STEUBENVILLE, Ohio (Reuters) - Two high school football players from Ohio were found guilty on Sunday of raping a 16-year-old girl at a party last summer while she was in a drunken stupor in a case that gained national exposure through social media.
Ohio authorities also promised on Sunday to continue the investigation to determine if other crimes had been committed.
Trent Mays, 17, and Ma’lik Richmond, 16, two members of Steubenville’s “Big Red” football team, were found delinquent in the sexual assault of the girl in the early morning of August 12 when witnesses said she was too drunk to move or speak.
Judge Tom Lipps ordered Richmond held in a juvenile detention facility for at least one year and Mays at least two years. The juvenile system could hold them until age 21. Both were required to register as juvenile sex offenders.
The defendants could be heard sobbing after Lipps announced his decision in the non-jury, juvenile court case. Mays also was found delinquent on a second charge - taking and sending a picture of the girl to other people.
Mays and Richmond apologized to the victim before Lipps imposed detention. Both had denied the charges and said any sex that occurred was consensual.
“I had no intention to do anything like that,” said Richmond, who walked up to the girl’s mother in the courtroom and apologized to her.
“I forgive you,” she replied.
Afterward, the girl’s mother said the defendants displayed a lack of human compassion or “any moral code.”
“This does not define who my daughter is,” she said in a statement. “She will persevere, grow and move on. I have pity for you both. I hope you fear the Lord, repent for your actions and pray hard for forgiveness.”
Richmond’s attorney, Walter Madison, said Sunday they would appeal the decision.
“This is an invasion of justice at best, a miscarriage of justice at worst,” Madison said, adding that Richmond’s family was devastated.
Adam Nemann, who represents Mays, left without commenting.
Ohio Attorney General Mike DeWine said the case could not be brought to a “finality” without a grand jury and he was asking the Jefferson County courts to name one in mid-April to determine if any other people should be charged with crimes.
Crimes that might be considered include failure to report a felony, a misdemeanor, and tampering with evidence, he said, adding that there was no limit to what might be looked at.
Investigators interviewed 27 partygoers but 16 others refused to cooperate and numerous witnesses could be called to testify before a grand jury that could meet for a number of days, DeWine told a news conference.
“This community needs assurance that no stone has been left unturned in our search for the truth,” DeWine said.
The investigation has included interviews with home owners, the school principal, superintendent and football coaches from Steubenville high school, 56 interviews in all, DeWine said.
State forensic analysts waded through more than 396,000 text messages, 308,000 photos/pictures and 940 video clips recovered from cell phones as part of the investigation, DeWine said.
DeWine said prosecutors had other evidence they would like to present to the grand jury and the 16 witnesses who would not talk to prosecutors in the investigation.
Bob Fitzsimmons, an attorney representing the girl, said on Sunday his side still was weighing whether to file a civil lawsuit.
The case drew national attention to the town, 40 miles west of Pittsburgh, after a photo and video from the party that appeared to document the assault were posted online.
The computer hacking group Anonymous publicized the picture of two males carrying the girl by her wrists and ankles and organized protests accusing the town known for its “Big Red” football team of covering up the involvement of more players.
Three teammates of Mays and Richmond were granted immunity and testified against them at the trial.
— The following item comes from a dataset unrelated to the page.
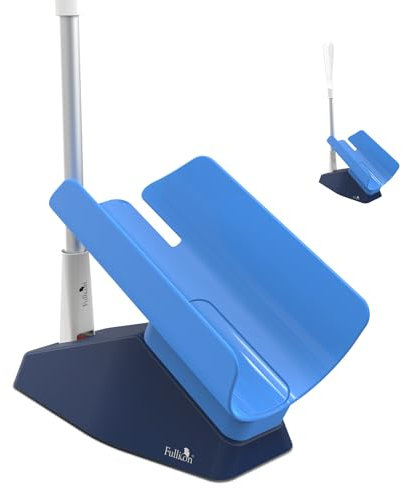 Fullicon Sock Aids for Putting Socks On and Off – Aluminium Sock Aid Device for Elderly Men & Women, Easy Sock Helper Tool, No Bending Sock Putter, Sock Puller Aid for Seniors (Blue)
DeWine said Sunday the immunity granted to those players under the specific circumstances would carry over to the grand jury.
A small group of demonstrators waited outside the courthouse for the judge’s decision on Sunday.
The trial’s testimony was capped by the girl’s acknowledgment that she had little memory from that night.
Lipps said the evidence presented was profane and ugly at times and said that alcohol consumption showed a particular danger to “our teenage youth.”
Prosecutors had argued that the things that made the girl an imperfect witness, her substantial impairment, also made her a perfect victim.